Wszelakie bakalie to koszt o od 4,6 proc. (w przypadku rodzynek) do 17,7 proc. (orzechy włoskie) większy rok do roku. Orzechy laskowe są o 6,7 proc. droższe, żurawina o 12,3 proc., skórki z pomarańczy o 14,5 proc., a migdały łuskane o 15,7 proc. Dorzucenie do tego zestawu kakao oznacza konieczność wydania 19,2 proc. więcej niż w listopadzie 2021. Wielbiciele świątecznych aromatów na bazie goździków i cynamonu będą musieli zwiększyć budżet o odpowiednio 8,9 i 11,2 proc. Zaś ci, którzy zabierają się za przygotowanie makowców i innych deserów zawierających mak, wydadzą 8,4 proc. więcej w przypadku maku mielonego i 15,8 proc. więcej w przypadku masy makowej.
Zmiany cen innych, podstawowych składników ciast można sprawdzić w naszym standardowym koszyku. Wynika z niego, że masło to wydatek o 18,9 proc. wyższy niż rok temu, jaja - o 41 proc. wyższy, mleko o 41,2 proc., zaś za mąkę płacimy 32,2 proc. więcej. Wspomniany już rekordzista - cukier - kosztuje 95,4 proc. więcej niż w listopadzie 2021 r. Więcej na ten temat można przeczytać pod poniższym linkiem:
Niewątpliwie przed nami najdroższe święta od lat. Jak pocieszają analitycy banku BNP Paribas, Polska charakteryzuje się jedną z najniższych dynamik wzrostów cen produktów żywnościowych spośród wszystkich krajów, które wstąpiły do Wspólnoty po 2003 r. Niechlubnym zwycięzcą tego rankingu są Węgry, gdzie żywność w skali roku podrożała o 45,2 proc. Jednocześnie jednak to właśnie żywność drożeje mocniej niż pozostałe dobra i usługi konsumpcyjne - w 26 na 27 krajów dynamika wzrostu cen żywności jest wyższa niż poziom inflacji - wyliczył bank.

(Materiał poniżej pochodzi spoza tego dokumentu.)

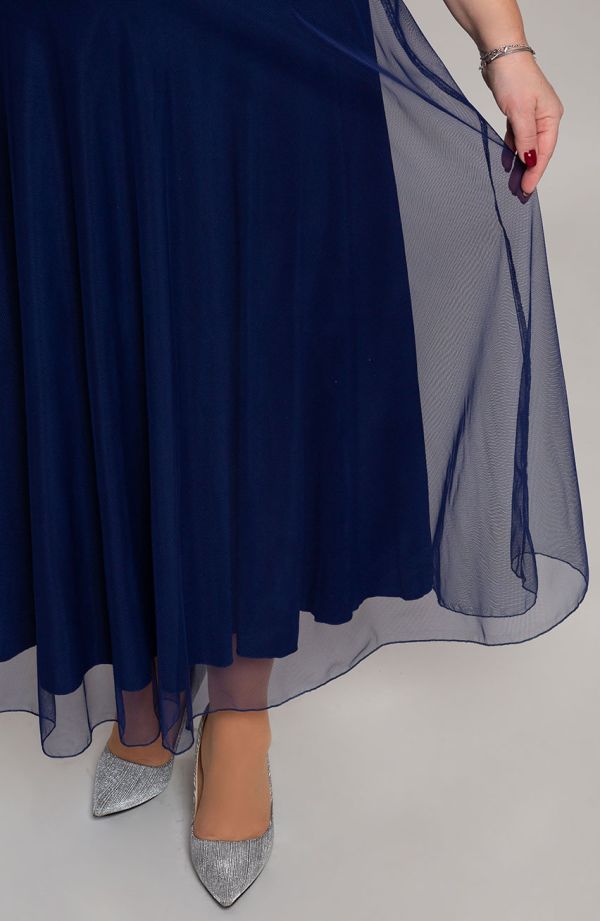 Granatowa suknia z cekinową koronką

My zaś nie europejsko, lecz lokalnie razem z portalem Gazeta.pl co miesiąc monitorujemy koszty robienia codziennych zakupów spożywczych - to ponad 30 wybranych produktów. Opieramy się na danych dostarczanych przez Centrum Monitorowania Rynku (CMR). Nasz koszyk to dane z paragonów, czyli faktyczny obraz tego, co sprzedają sklepy w całej Polsce. CMR zbiera takie dane od tysięcy placówek, z mniejszych powierzchniowo sklepów (do 300 m2) i sieci skupiających takie sklepy - położone blisko domów, w których robimy codzienne zakupy. W konstruowaniu naszego koszyka bierzemy pod uwagę przodującą markę danego produktu (na podstawie statystyk popularności w strukturze sprzedaży), ceny są uśrednione dla kraju. Tam, gdzie takiej marki nie uda się wyróżnić (jak w przypadku pieczywa, sprzedawanego lokalnie), porównujemy produkty o takich samych parametrach. Uwzględniamy też promocje. Nie jest to raport, który można porównywać z tym "gusowskim", bo pokazuje tylko wycinek rynku, ale wśród jego plusów jest to, że widzimy konkretne, średnie ceny wybranych przez nas produktów. Nasz koszyk cenowy opiera się o dane z prawdziwych paragonów.